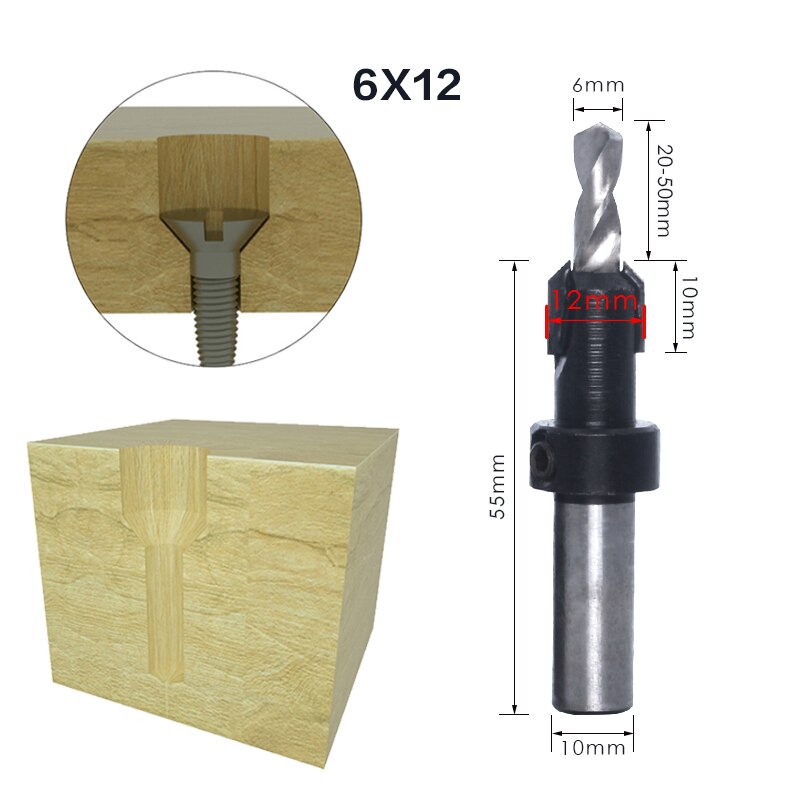 1Pcs 8Mm 10Mm Shank Hss Houtbewerking Countersink Router Bit Set Tapeinduithalerset Remon Sloop Voor Hout Frezen cutter: 10mmShank 6X12mm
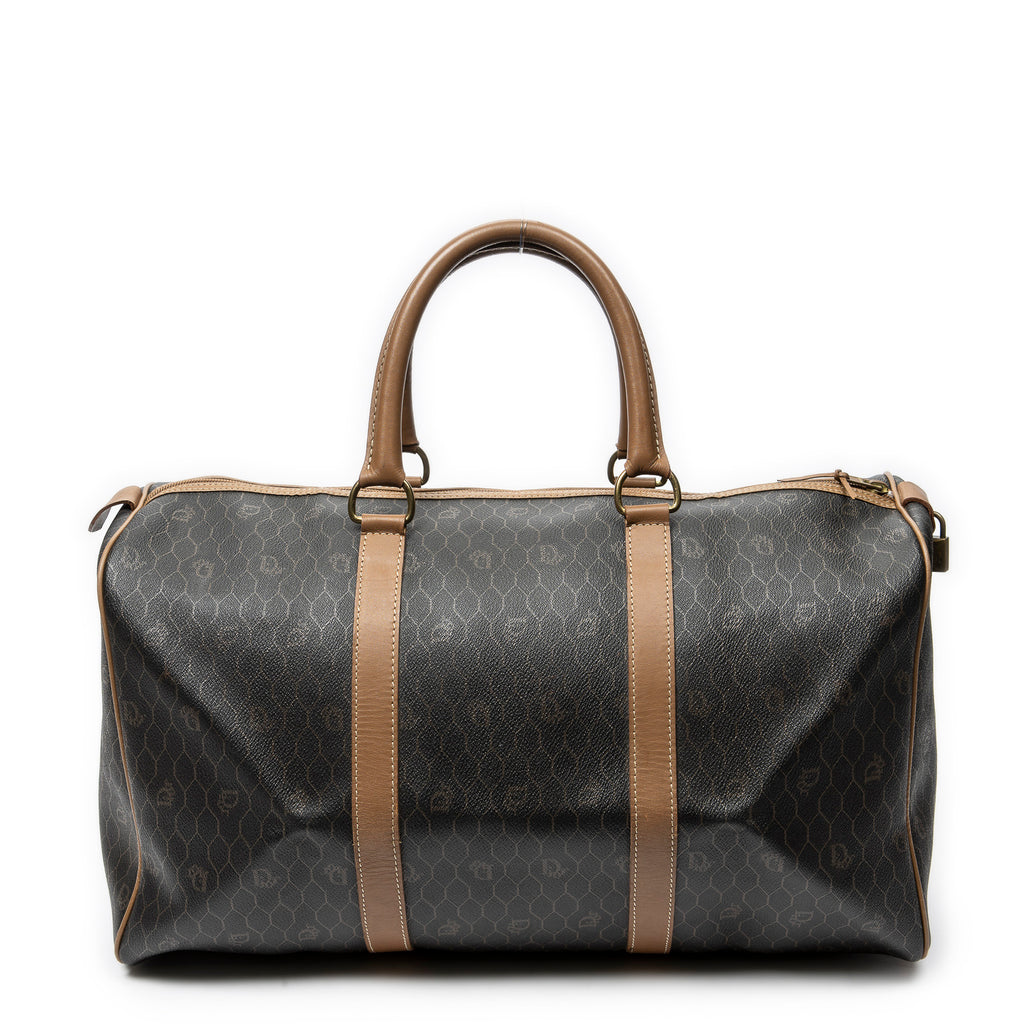 Travel Bag Medium Vintage Travel Boston Gray Honeycomb Coated Canvas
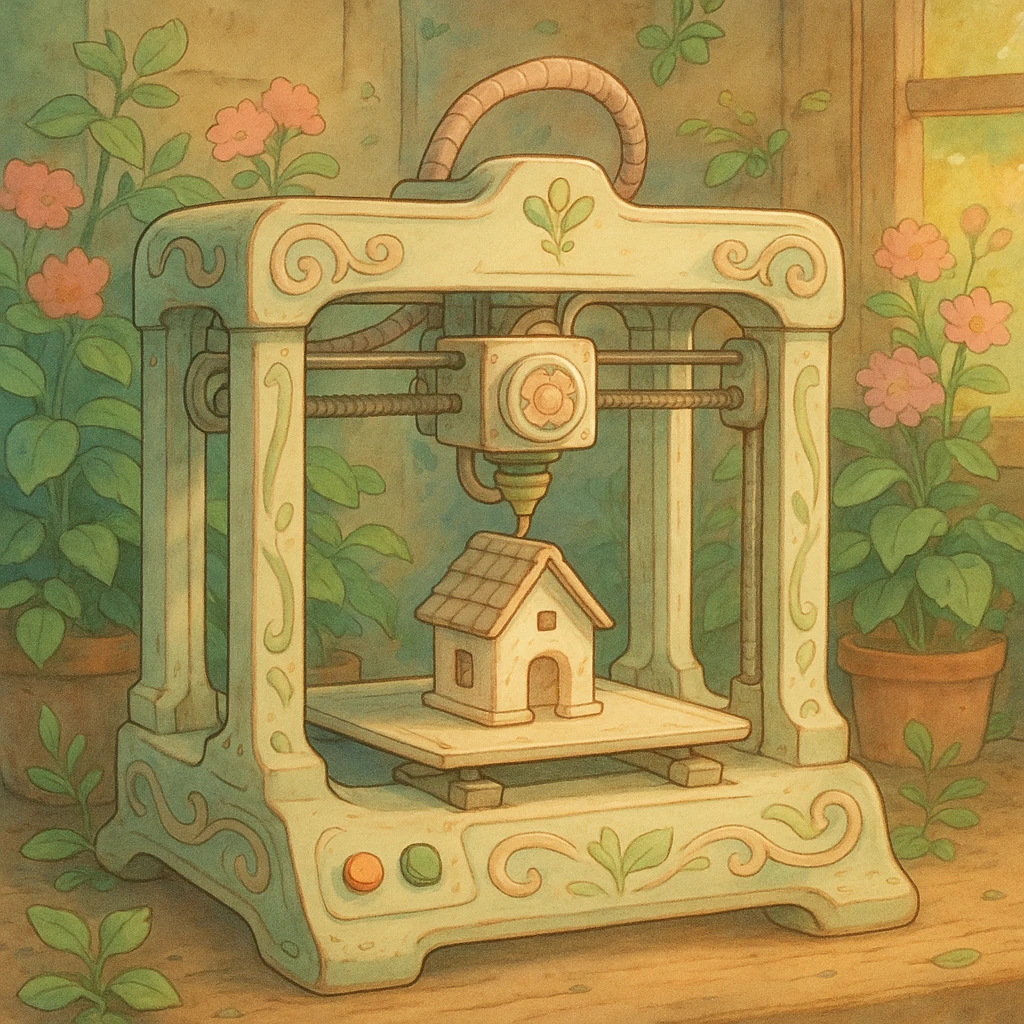 3d printer, ghibli style emoji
-------------------------
- **WORK INSTRUCTION**
With images omitted, retype the data word for word.

- **EXERCISE ANSWER**
 1Pcs 8Mm 10Mm Shank Hss Houtbewerking Countersink Router Bit Set Tapeinduithalerset Remon Sloop Voor Hout Frezen cutter: 10mmShank 6X12mm
 Travel Bag Medium Vintage Travel Boston Gray Honeycomb Coated Canvas
 3d printer, ghibli style emoji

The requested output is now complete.